To: kingfisher who wrote (22781)9/19/2007 5:59:41 AM
From: TobagoJack  Read Replies (1) | Respond to of 217574
 
now that maestro al greensputin has spoken, we can take the contrary position and rest easy, since the man is an all-knowing fool



To: kingfisher who wrote (22781)9/19/2007 6:37:16 AM
From: elmatador  Respond to of 217574
 
The strength of the US is not the constitution! It is the strengths of the Robber Barons! It is the guys who go out in front and try the new, sometimes assaulting the law here and there. It is guys who built monopolies that later on had to be dismantled! It is guys who went out and bought good behavior of dictators! Those who used deception and who devised coup d'etats. Those are the heroes that must be sung!

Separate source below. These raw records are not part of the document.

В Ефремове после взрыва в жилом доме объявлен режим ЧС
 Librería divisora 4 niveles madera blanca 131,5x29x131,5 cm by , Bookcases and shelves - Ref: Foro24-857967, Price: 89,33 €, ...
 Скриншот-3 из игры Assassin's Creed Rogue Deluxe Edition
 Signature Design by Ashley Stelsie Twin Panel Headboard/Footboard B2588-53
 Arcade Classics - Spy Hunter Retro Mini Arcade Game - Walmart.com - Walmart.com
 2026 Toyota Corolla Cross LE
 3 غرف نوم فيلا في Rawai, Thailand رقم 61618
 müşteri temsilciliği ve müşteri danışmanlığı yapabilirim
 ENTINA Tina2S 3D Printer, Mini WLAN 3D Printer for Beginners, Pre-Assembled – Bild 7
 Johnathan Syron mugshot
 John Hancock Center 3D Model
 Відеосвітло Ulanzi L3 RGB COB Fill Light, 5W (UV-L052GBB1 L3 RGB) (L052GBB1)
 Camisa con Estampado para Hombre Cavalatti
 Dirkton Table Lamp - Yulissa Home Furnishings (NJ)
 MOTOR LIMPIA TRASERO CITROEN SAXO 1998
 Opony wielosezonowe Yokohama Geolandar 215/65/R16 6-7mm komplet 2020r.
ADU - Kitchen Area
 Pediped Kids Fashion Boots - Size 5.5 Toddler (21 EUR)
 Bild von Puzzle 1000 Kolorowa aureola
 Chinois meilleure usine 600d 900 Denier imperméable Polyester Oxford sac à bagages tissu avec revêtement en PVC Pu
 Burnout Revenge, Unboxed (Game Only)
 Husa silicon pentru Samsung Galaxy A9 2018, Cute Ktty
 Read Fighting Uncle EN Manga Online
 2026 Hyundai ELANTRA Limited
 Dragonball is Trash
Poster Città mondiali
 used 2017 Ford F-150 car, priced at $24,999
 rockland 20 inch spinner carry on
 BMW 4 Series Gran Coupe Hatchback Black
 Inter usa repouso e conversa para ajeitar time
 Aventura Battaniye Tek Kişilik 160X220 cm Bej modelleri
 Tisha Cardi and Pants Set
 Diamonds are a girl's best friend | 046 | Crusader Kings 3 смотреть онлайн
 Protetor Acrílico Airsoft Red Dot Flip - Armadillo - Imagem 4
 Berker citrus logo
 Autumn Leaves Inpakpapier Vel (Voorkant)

Those are the strengths that built the US. Of course it is necessary to teach the elementary school kids talking about constitution and all that



To: kingfisher who wrote (22781)9/19/2007 1:14:00 PM
From: elmatador  Read Replies (1) | Respond to of 217574
 
Mr. Marcus Gee writes:

Greenspan acknowledges de Soto in his book, so I think he's in the clear.

Marcus Gee

--------------------------------------------------------------------------------
From: ]
Sent: Wed 19/09/2007 6:49 AM
To: Gee, Marcus
Subject: Greenspan Plagiarism

de Soto explained in his 1986 book The Other Path, these de facto owners were locked out of the formal, legal economy—and that was the root of the problem. "They have houses but not titles; crops but not deeds; businesses but not statutes of incorporation."

Compare with what Greenspan wrote:
Mr. Greenspan notes that despite three decades of reform, Chinese farmers still do not own the land they till. They can lease it and take their produce to market, a huge improvement over the days of Mao-era collective farms, but they cannot buy or sell it or use it as collateral to secure a loan.
This handicap - a lack of access to capital - keeps hundreds of millions of peasants trapped in poverty on the farm while the urban middle-class thrives. "Granting legal title to peasant land could, with the stroke of the pen, substantially narrow the wealth gap between urban and rural residents," Mr. Greenspan writes. As it is, there are thousands of protests in China every year, many of them by peasants evicted from their land for urban expansion or factory construction.

Thsi is plagiarism.

Perhaps he he's eyeing a couple of hundred million Chinese going subprime!